150 88th Div. Men Enter Switz. As Rescue Party

All Passengers Survive Plane Crash;
Swiss Troops Effect Rescue

by Hy Crandell

Troops of the 88th Division made history last week when, with their efforts to help rescue the marooned occupants of a C-53 plane, they became the first foreign military troops to enter Switzerland as a unit, in several centuries. This is mainly due to the cooperation, mutual trust and good will between the United States and Switzerland. By allowing over 150 American troops to enter their country the Swiss showed that their is traditional trust and friendship between two of the oldest democracies in the world.

Much credit is due the Swiss troops for their courageous work in rescuing the survivors of the wrecked plane. The 88th Division troops had expected to accomplish that job, but after arriving learned that a Swiss rescue party was already in operation. The American troops, which came largely from the 1st Bn., 351st Inf., left Udine on 21 November at 1900 hours, accompanied by your "Blue Devil" reporter. After a train trip of over 24 hours they arrived in Interlaken, Switzerland. From Interlaken a picked number of men went by vehicle to Meiringen where they stayed all day on 23 November. While going back to Interlaken that night an accident occurred. A "weasel" ran through a fence and knocked down a tree. Two men suffered slight lacerations on the scalp. The men were Pfc Junior Rickman of Nashville, Tenn. and Pfc Earl Funderburg of Decatur, Tenn. Both men were from Regt'l Hq., 351st Inf.

It was thought miraculous that all the passengers of the plane were alive and well. Due to the cold and snow and lack of food it was expected that only a few of the stronger ones would survive. From the time the plane crashed on Tuesday afternoon until food was dropped on Friday night the survivors rationed themselves to half of a chocolate bar and a quarter of a bun a day. It was sheer luck that they had bought their PX rations before leaving Munich.
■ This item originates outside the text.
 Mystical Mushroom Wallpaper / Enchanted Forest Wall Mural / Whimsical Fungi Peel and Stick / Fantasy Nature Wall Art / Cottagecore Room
It was announced the following day by Brig. Gen. Ralph Tate, Deputy Commanding General of USFA [US Forces Austria], whose wife was on the plane and whose son piloted it, that the survivors would be brought down from the mountain by a small ski plane. Brig. Gen Snavely, Chief of air Division of USFA, flew to the top of the mountain earlier that morning so that he could be with his wife who was also on board.

The first plane came into the airport near Meiringen at 1100 hours on 24 November. It brought Brig. Gen Loyal M. Haynes. He was carried by stretcher to the ambulance and then taken to the hospital train. The second plane landed at 1210 hours. On it was Pvt. Wayne G. Folsom who was the engineer on the plane. He had a broken leg. The third plane came in at 1318 hours. From it walked Col. William C. McMahon and Mrs. Marguerite L. Tate. Both looked very happy to be on the ground once more. From the fourth plane, which landed at 1415 hours, walked Mrs. Loyal M. Haynes and Sgt. Lewis Hill. Sergeant Hill was the radio operator who kept the signals going after the crash. Mrs William C. McMahon and her daughter Alice came off the fifth plane which landed at 1445 hours. On the sixth plane (15 minutes later) General Snavely and his wife were passengers. Lt. Irving Mathews, the co-pilot, and Mr. George Harvey, a civilian working for the Army, landed in the seventh plane at 1555 hours. Mr. Harvey was not known to be on the plane. True to the spirit of the captain of his ship, Capt. Ralph Tate Jr. was the last to leave and landed at 1630 hours. With the arrival of his son, General Tate said, "This is the happiest day of my life. I've got my wife and son back.

Before the troops of the 88th left for Switzerland, a party of 18 men set out for Milan in the direction which had previously been given in hopes of finding the wreckage. Milan was the point from which communications were carried through to Italy. It was here also that many supplies were furnished to the 88th troops. Much credit should go to the 88th Quartermaster for the splendid job they did in rushing supplies and equipment for the rescue party. Special clothes and equipment were supplied the troops who participated in the expedition to Switzerland

Webmaster's note: Meiringen is about 70 km SE of Bern, 150 km NNW of Milan, and at least 300km off-course for a Munich-Salzburg or Munich-Vienna flight.